Pictures are to be excluded. Please print only the lines from the one containing "But now what" through the end of the data, exactly as they appear.

= = = = = = =

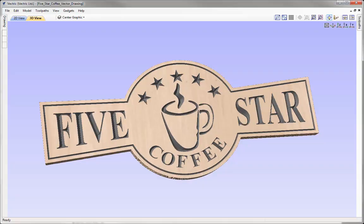In this example, we're going to create all the toolpaths to cut this 5-star coffee sign. We're going to heavily focus on v-carving in this session, where we'll discuss all the points to consider to get the best results. We'll walk through start to finish, utilising the toolpath preview to give us the best indication of how our part is going to turn out.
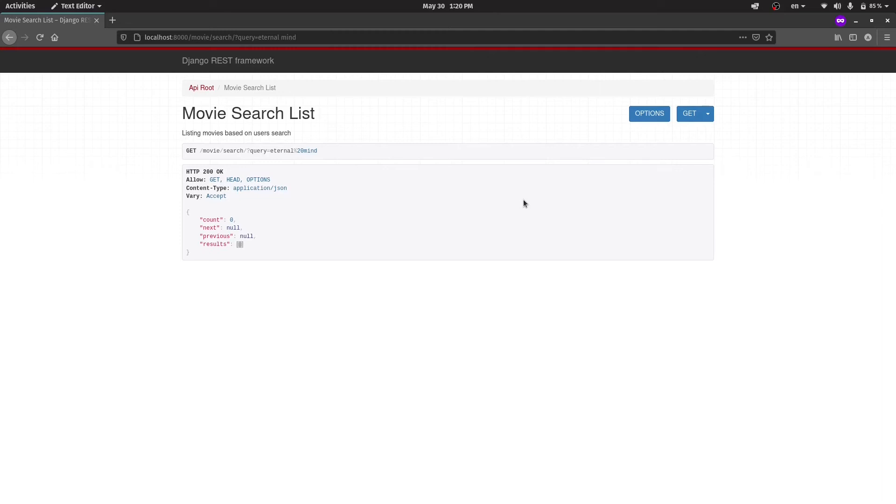But what should we do now? I want our API to find movies even if someone remembers only part of its title. So let's implement it.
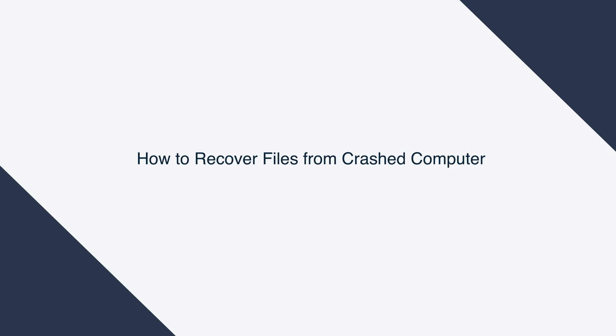Hello! Today I am going to show you how to recover files from a crashed computer with Recoverit Data Recovery.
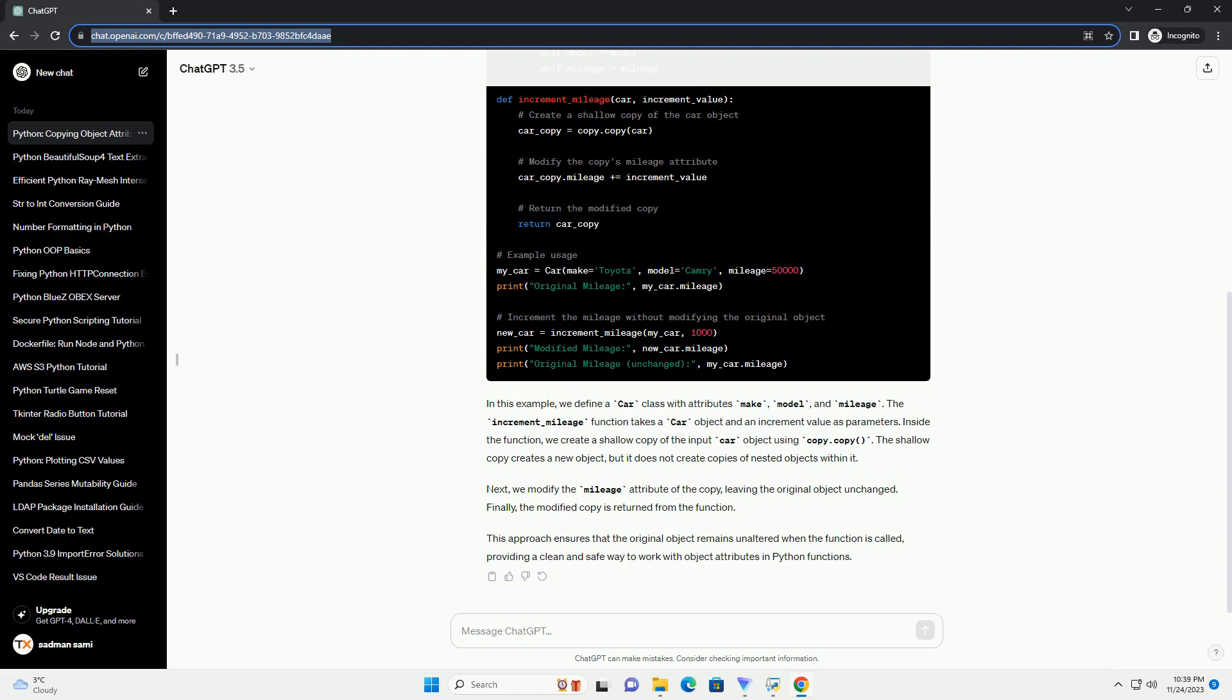This approach ensures that the original object remains unaltered when the function is called, providing a clean and safe way to work with object attributes in Python functions.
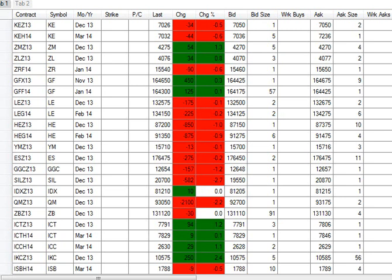December coffee up 250 at 105.75. March sugar down 9 ticks at 17.88. And the December 30-year bonds down 3 ticks at 130-112.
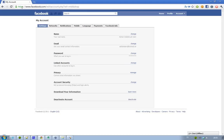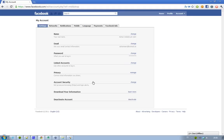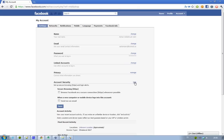But now what Facebook has made is that when you go to account and then go down to account settings, then when you go down here to account security, you'll have this little new thing you can click on and that is secure browsing HTTPS.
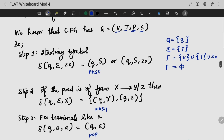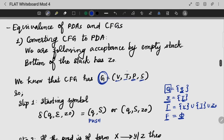If we are going to use a PDA to convert, our state will be Q. Our set of alphabets will be T — that is the terminals in the grammar. Our stack symbols will be variables, along with the start symbol Z0 and the terminals. The final state will be null because we are taking the final state by empty stack — empty stack acceptance. The bottom of the stack is Z0.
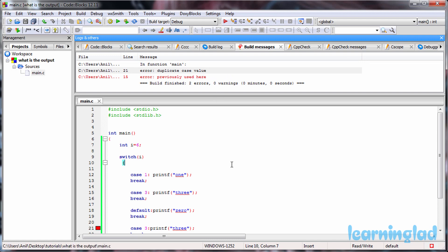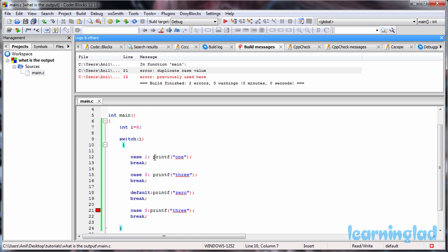So the answer for this program is going to be the compiler error: duplicate case value. That's because inside the switch statement we can't have duplicate case values. Here you can see we have case 3 and then we have this case 3 again, so duplicate case values are not allowed in C inside a switch statement and that's why we're going to get the error.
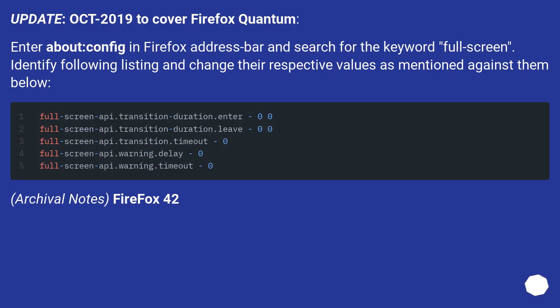Update October 2019 to cover Firefox Quantum. Enter about:config in Firefox address bar and search for the keyword fullscreen. Identify following listing and change their respective values as mentioned against them below.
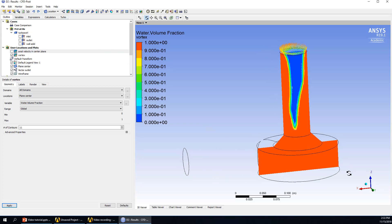That's all of this video tutorial of ANSYS Workbench using CFD methods to simulate this swirling flow generator. Thank you for watching.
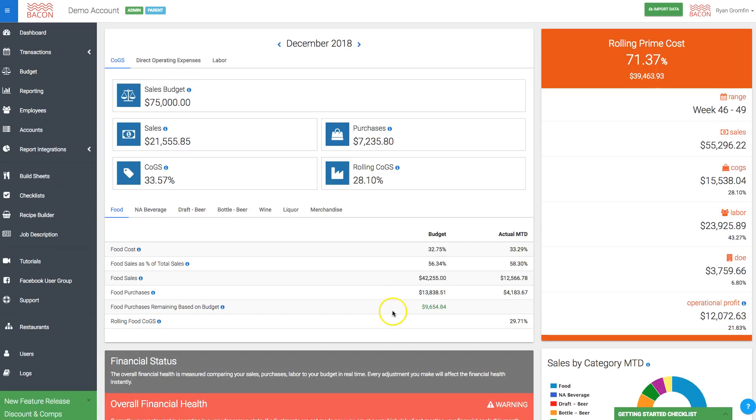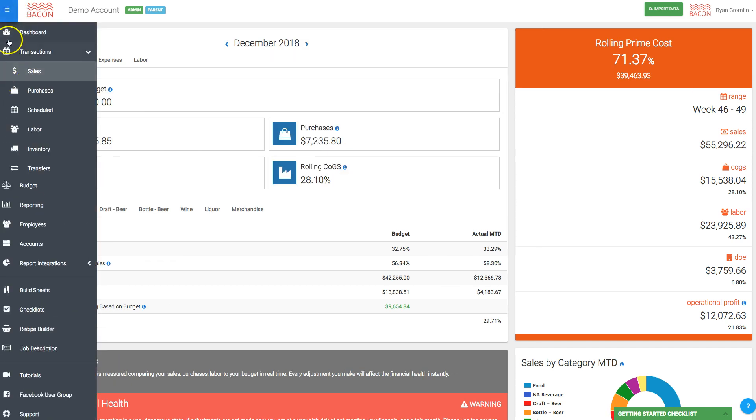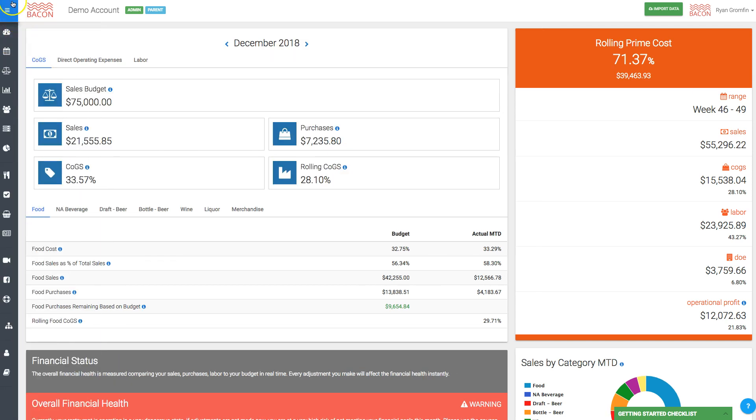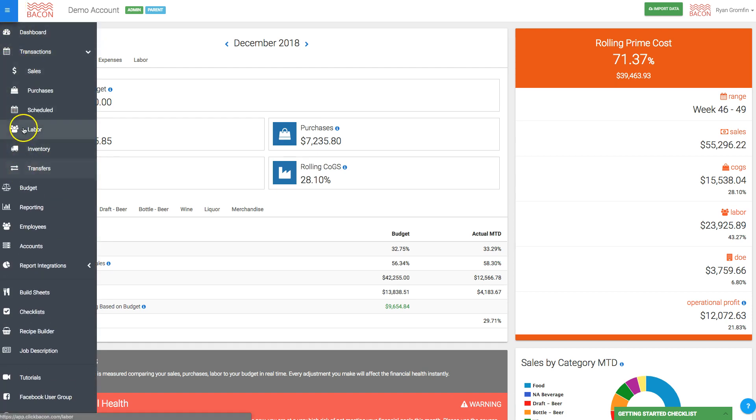Hey folks, you ever wish you had a little more room to work in Beacon? I have a 29-inch monitor so I have plenty of room, but some of you are working on laptops and on tablets. Did you know that if you click here we could shrink the bar?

= = = = = = =

ANSWER BOX
But now what Facebook has made is that when you go to account and then go down to account settings, then when you go down here to account security, you'll have this little new thing you can click on and that is secure browsing HTTPS.
If we are going to use a PDA to convert, our state will be Q. Our set of alphabets will be T — that is the terminals in the grammar. Our stack symbols will be variables, along with the start symbol Z0 and the terminals. The final state will be null because we are taking the final state by empty stack — empty stack acceptance. The bottom of the stack is Z0.
So the answer for this program is going to be the compiler error: duplicate case value. That's because inside the switch statement we can't have duplicate case values. Here you can see we have case 3 and then we have this case 3 again, so duplicate case values are not allowed in C inside a switch statement and that's why we're going to get the error.
Update October 2019 to cover Firefox Quantum. Enter about:config in Firefox address bar and search for the keyword fullscreen. Identify following listing and change their respective values as mentioned against them below.
That's all of this video tutorial of ANSYS Workbench using CFD methods to simulate this swirling flow generator. Thank you for watching.
Hey folks, you ever wish you had a little more room to work in Beacon? I have a 29-inch monitor so I have plenty of room, but some of you are working on laptops and on tablets. Did you know that if you click here we could shrink the bar?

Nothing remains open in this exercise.